* DATASET EXTRACT *
Content starts

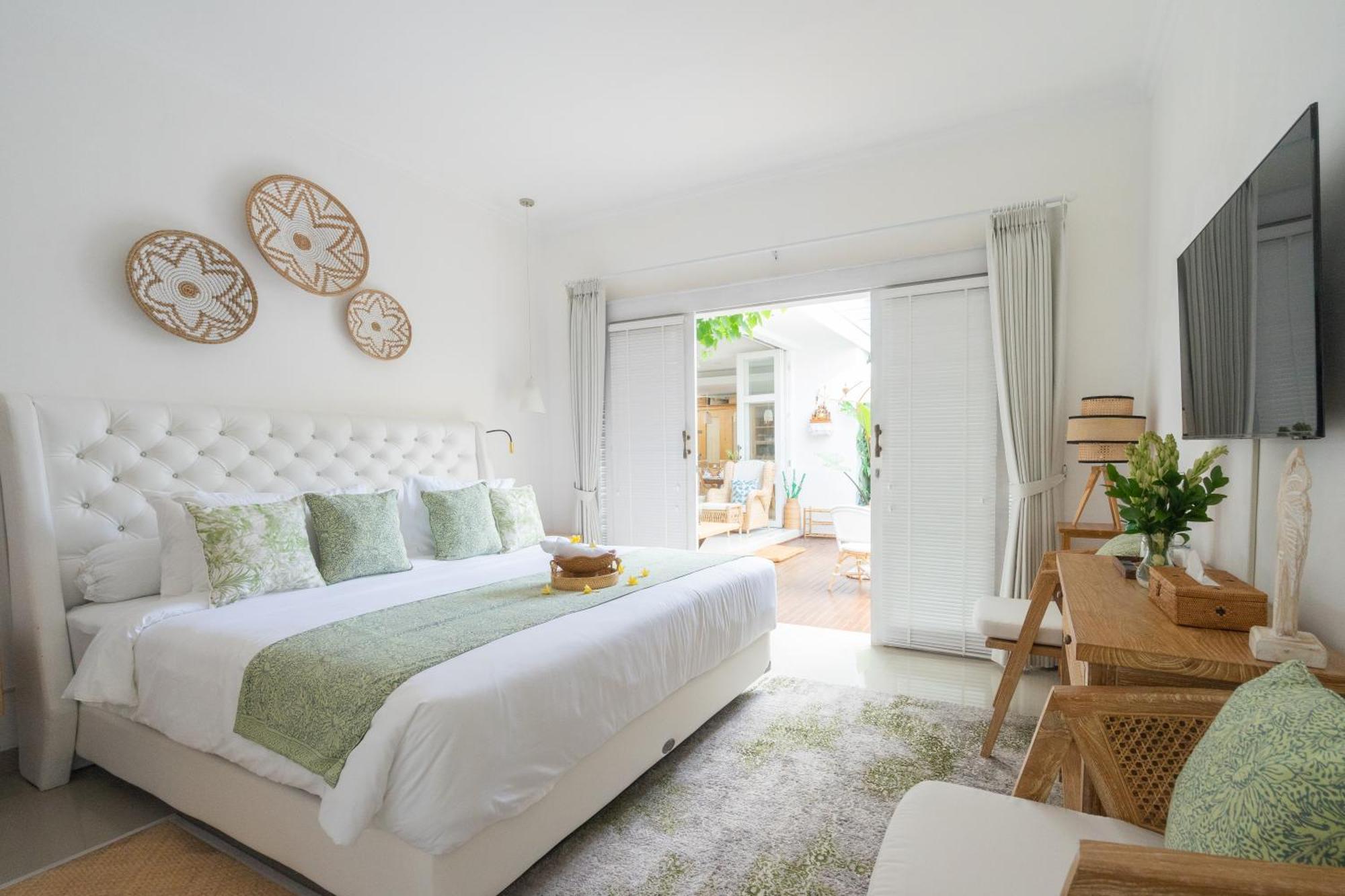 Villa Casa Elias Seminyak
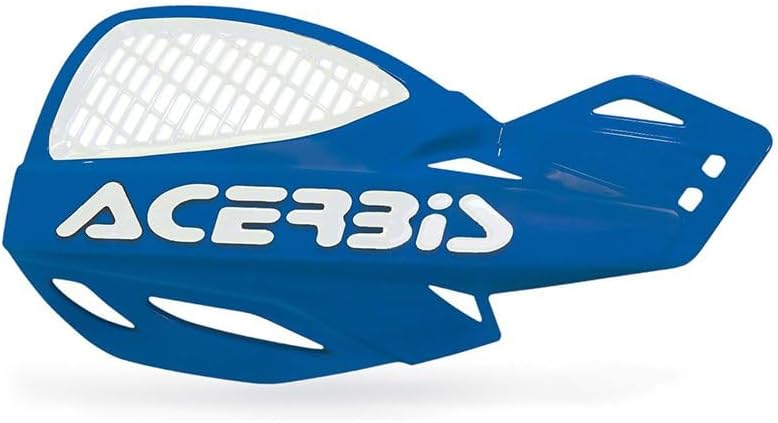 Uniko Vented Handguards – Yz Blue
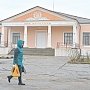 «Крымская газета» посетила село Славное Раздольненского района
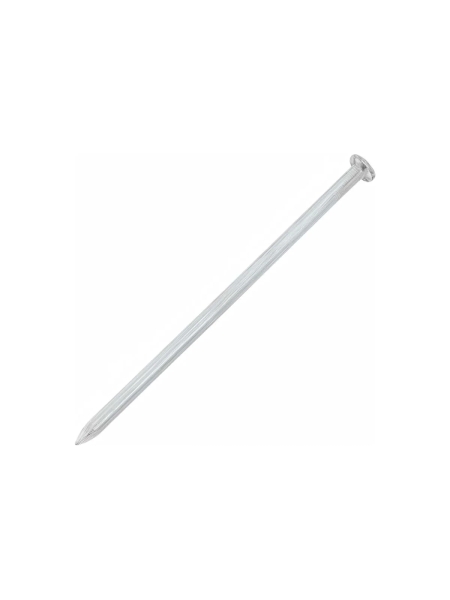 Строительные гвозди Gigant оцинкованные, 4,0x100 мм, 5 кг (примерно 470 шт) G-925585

Content ends

* HOW TO COMPLETE THIS TASK *
Without the pictures, transcribe exactly the lines above from the one containing "Славное Раздольненского района" through the last.

* ANSWER SPACE *
 «Крымская газета» посетила село Славное Раздольненского района
 Строительные гвозди Gigant оцинкованные, 4,0x100 мм, 5 кг (примерно 470 шт) G-925585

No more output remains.